Assignment:
Under this line sits a listing. Repeat exactly and only its lines from the one holding "Built on Redis" through the one holding "In the middle"; skip pictures.

Input data:
══════════════════════════════
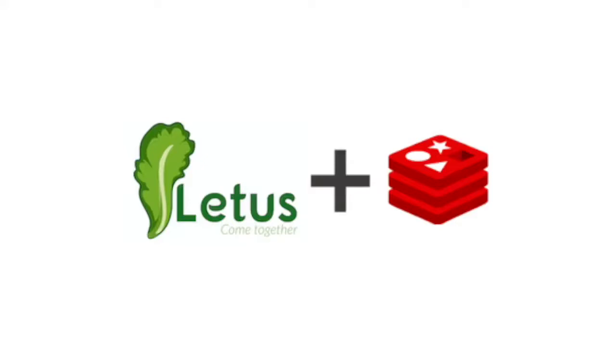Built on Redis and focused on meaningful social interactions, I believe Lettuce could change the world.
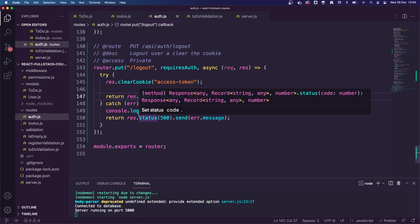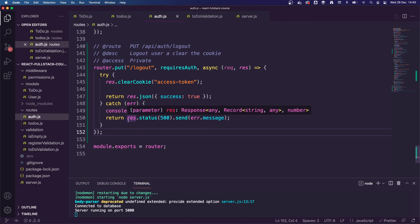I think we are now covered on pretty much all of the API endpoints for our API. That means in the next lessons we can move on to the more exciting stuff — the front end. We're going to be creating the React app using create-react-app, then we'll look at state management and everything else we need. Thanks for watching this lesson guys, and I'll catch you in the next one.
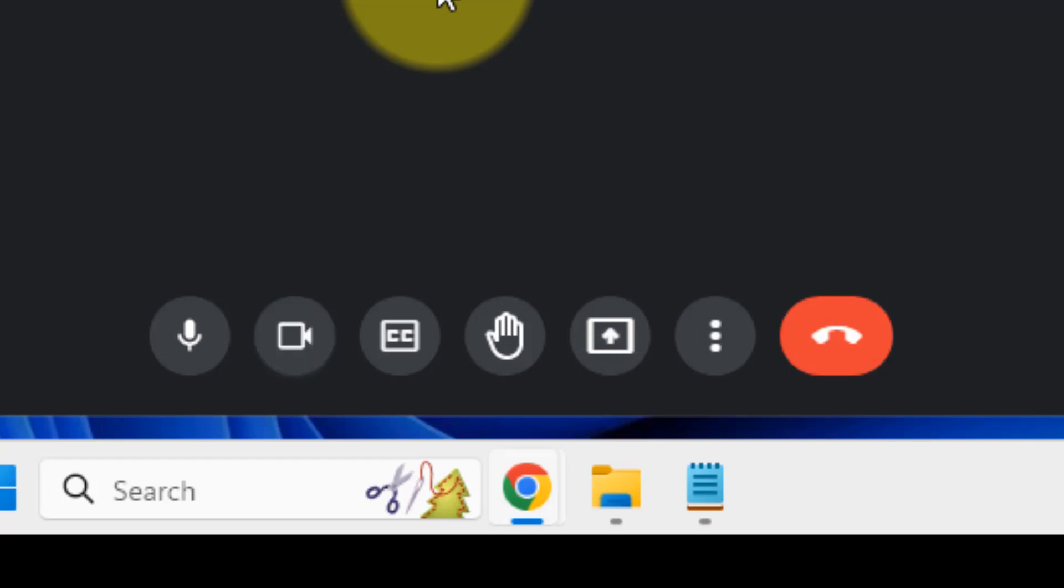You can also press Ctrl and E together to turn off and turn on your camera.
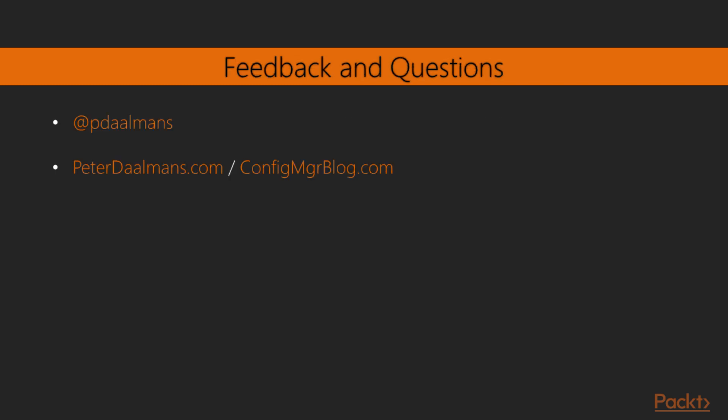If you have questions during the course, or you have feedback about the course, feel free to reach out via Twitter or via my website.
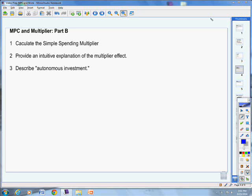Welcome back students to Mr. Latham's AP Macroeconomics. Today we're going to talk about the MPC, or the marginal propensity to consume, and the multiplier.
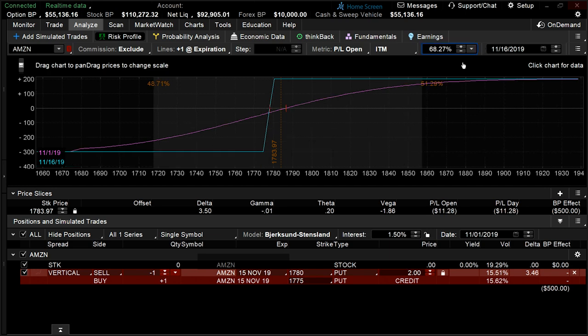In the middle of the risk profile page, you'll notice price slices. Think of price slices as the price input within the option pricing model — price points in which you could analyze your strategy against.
══════════════════════════════
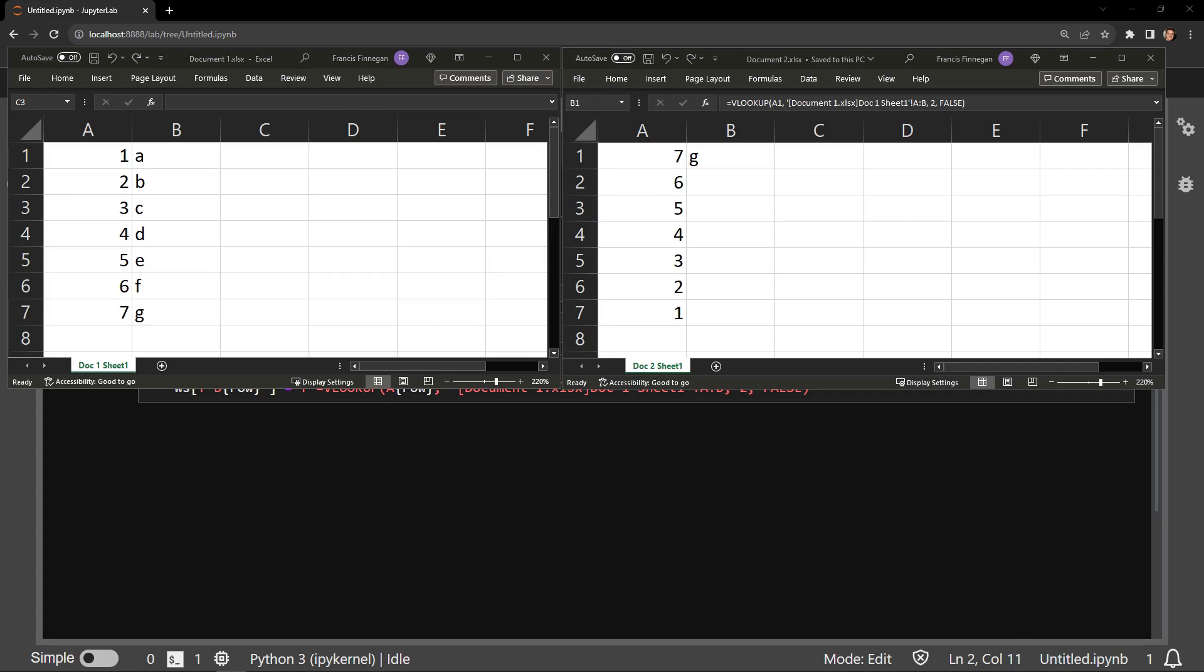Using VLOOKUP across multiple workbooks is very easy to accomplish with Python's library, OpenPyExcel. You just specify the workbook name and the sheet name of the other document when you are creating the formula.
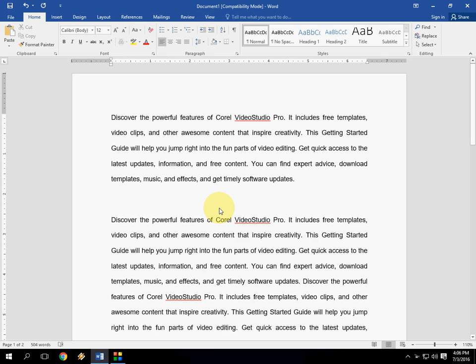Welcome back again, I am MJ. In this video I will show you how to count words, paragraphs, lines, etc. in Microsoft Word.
══════════════════════════════
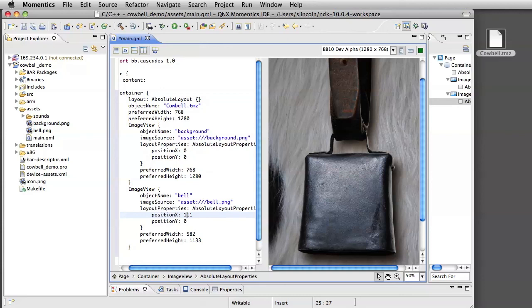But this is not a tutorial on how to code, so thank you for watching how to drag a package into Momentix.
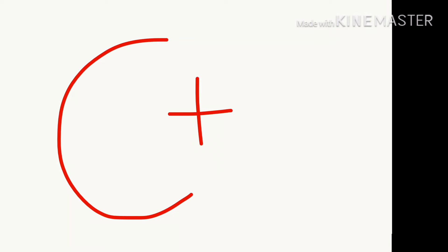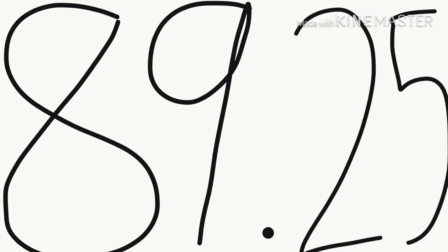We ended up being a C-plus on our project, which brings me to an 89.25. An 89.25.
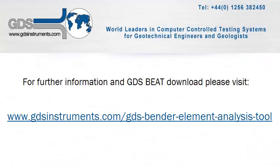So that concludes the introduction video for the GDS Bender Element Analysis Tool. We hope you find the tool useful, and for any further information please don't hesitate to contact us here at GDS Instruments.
══════════════════════════════
Exercise answer:
Built on Redis and focused on meaningful social interactions, I believe Lettuce could change the world.
I think we are now covered on pretty much all of the API endpoints for our API. That means in the next lessons we can move on to the more exciting stuff — the front end. We're going to be creating the React app using create-react-app, then we'll look at state management and everything else we need. Thanks for watching this lesson guys, and I'll catch you in the next one.
You can also press Ctrl and E together to turn off and turn on your camera.
If you have questions during the course, or you have feedback about the course, feel free to reach out via Twitter or via my website.
Welcome back students to Mr. Latham's AP Macroeconomics. Today we're going to talk about the MPC, or the marginal propensity to consume, and the multiplier.
In the middle of the risk profile page, you'll notice price slices. Think of price slices as the price input within the option pricing model — price points in which you could analyze your strategy against.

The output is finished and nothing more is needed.